Should do fine as long as you eat properly. :thumbup1:


----------



## Donny dog (May 1, 2013)

Quackerz said:


> No worries mate, just make sure your form is on point, squat to depth etc.
> 
> Should do fine as long as you eat properly. :thumbup1:


 Thanks once again mate.

i'll keep you posted.


----------



## alex9837 (Mar 23, 2015)

I'm just starting to do 4x5 so not quite the same. But just at the start of my workout. Squat. Dead.bench.

I got my strength up starting light then working up in triples doubles and singles. Didn't gain no size though just strength. And quite a bit.

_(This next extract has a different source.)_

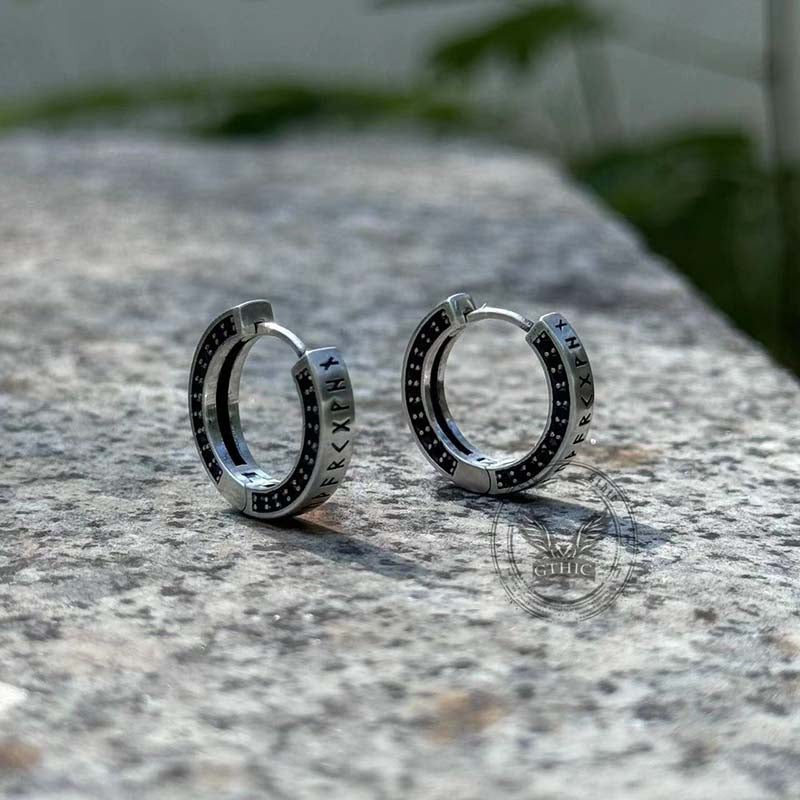 Simple Viking Runes Zircon Sterling Silver Stud Earrings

Below is 2 years training

So 1rm sit's at

Squat 182.5

Dead 250

Bench 155

I want the size now though so doing 4x5 for the main compound lifts on separate days followed by isolation exercises for building muscle. So just trying to find a balance that works for me.

I followed mad cows 5x5 a while back but found it soul destroying squatting 3 or 4 times a week.

I'm no expert in all this though just giving my 2 cents worth


----------



## Quackerz (Dec 19, 2015)

alex9837 said:


> I'm just starting to do 4x5 so not quite the same. But just at the start of my workout. Squat. Dead.bench.
> 
> I got my strength up starting light then working up in triples doubles and singles. Didn't gain no size though just strength. And quite a bit. Below is 2 years training
> 
> ...


 Some people do better off training lifts on separate days and I don't doubt your approach has worked. The whole point of 5 X 5 is the fact it sits in the middle of strength and hypertrophy, with the added frequency as a general strength and bulking program it's great TBH. Some people do find squatting 3X a week a bit daunting though, it's usually a food issue jf you don't recover and remain the same weight.

There are several studies on increased volume having more of a benefit to hypertrophy, it's the reason it's recommended so much, that and it is also very good for developing neural patterns.

Any program can work, but for someone starting out with it there is defiantly a more optimal approach than once per week training.


----------



## alex9837 (Mar 23, 2015)

@Quackerz thanks for that .I totally agree with everything you have said above. 5x5 is the best way. I was merely just sharing what I had done to get my owe strength up. I was recovering doing 5x5 and strength was flying up. I just simply didn't enjoy working out this way at all found it harder to motivate myself.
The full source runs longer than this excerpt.